Environmental testing and development
I am writing in response to recent reports in The Sun and most of Baltimore's other major media outlets about the arsenic (60 times normal) and lead (240 ppm above normal) contamination found at Turf Valley. It is unforgivable that the developer's July 23 revelations date back to 2005 testing. This is in addition to the mercury, DDT and chlordane that was previously found at Turf Valley during limited testing (13 samples across more than 800 acres).
It is unconscionable, if not actionable, that the developer and/or his attorneys appear to have withheld this information from local, state and federal officials while Howard County employees and contractors were constructing a water main across the property. The press wrote that contaminated samples were taken within 30 feet of the water main. Incredibly, it was reported that the developer said he could not recall when he first learned about the tainted soil, but called the matter "a breakdown in communication." Hopefully, the state's attorney will seek to initiate a review of this matter.

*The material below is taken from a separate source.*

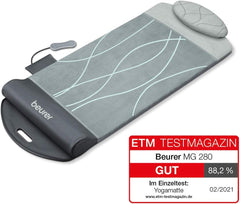 Beurer MG 280 Yoga- und Stretchmatte, zur Dehnung der Muskulatur und Entspannung, Massagematte für Nacken, Schultern und Rücken, faltbar, 1 Stück (1er Pack), Grau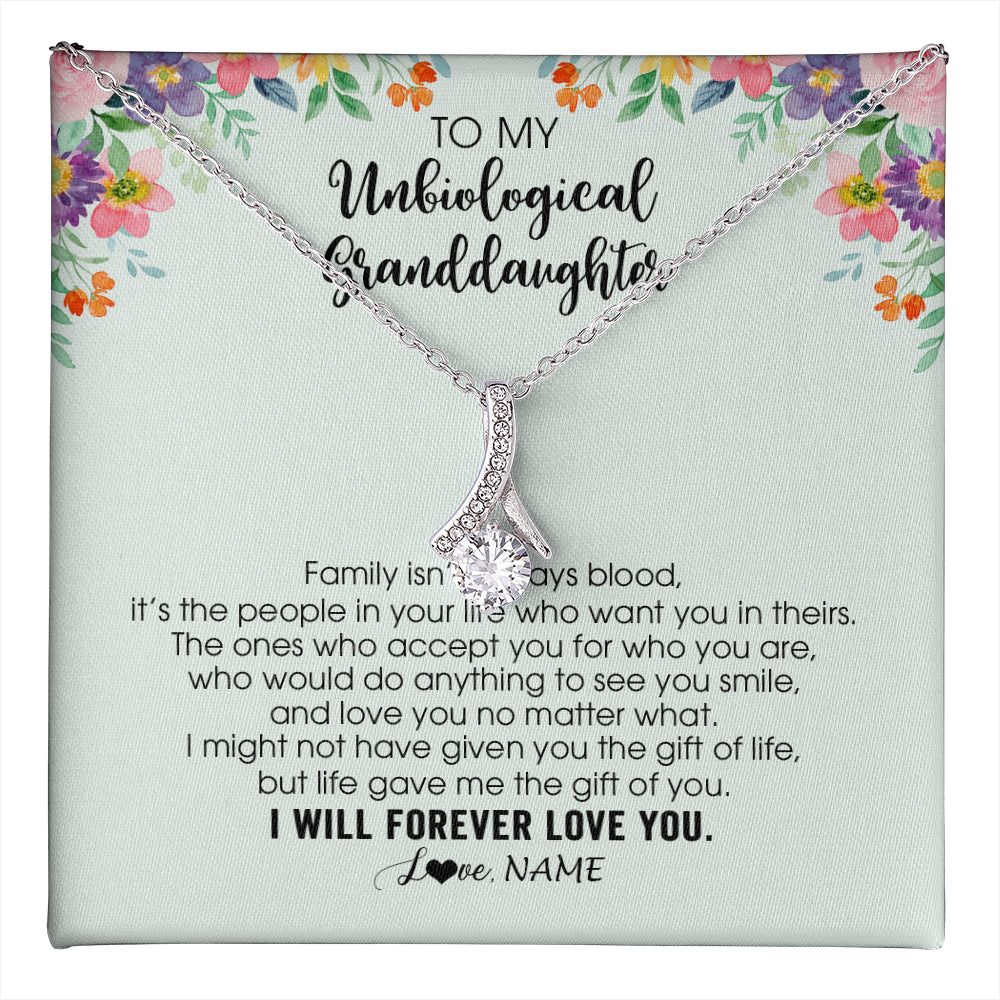 Alluring Beauty Necklace 14K White Gold Finish | 1 | Personalized To My Unbiological Granddaughter Necklace Family Isn't Always Blood Bonus Granddaughter Birthday Gifts Christmas Customized Gift Box Message Card | teecentury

For three years, concerned citizens from across Maryland have joined environmental and medical professionals in calling upon state legislators and the Maryland Department of Environment to require comprehensive chemical testing before golf course owners are permitted to begin residential redevelopment of their land. Legislation has been co-sponsored by Del. Elizabeth Bobo and state Sen. Edward J. Kasemeyer, but has failed to pass both houses in order to reach the governor's desk.
During this time, representatives from the Maryland Golf Course Owners Association, Maryland-National Capital Building Industry Association and Turf Valley golf course have lobbied legislators to maintain the status quo of letting the industry police itself. Furthermore, MDE supported these industry lobbyists in 2005 (under the Ehrlich administration) and 2007 (under the O'Malley administration) by testifying before legislators that golf course redevelopment doesn't pose a contamination risk to the public's health and safety.
There are at least nine Maryland golf courses (in Baltimore City and county and Montgomery, Prince George's, Anne Arundel, Howard and Carroll counties) in the planning or construction phases of residential redevelopment.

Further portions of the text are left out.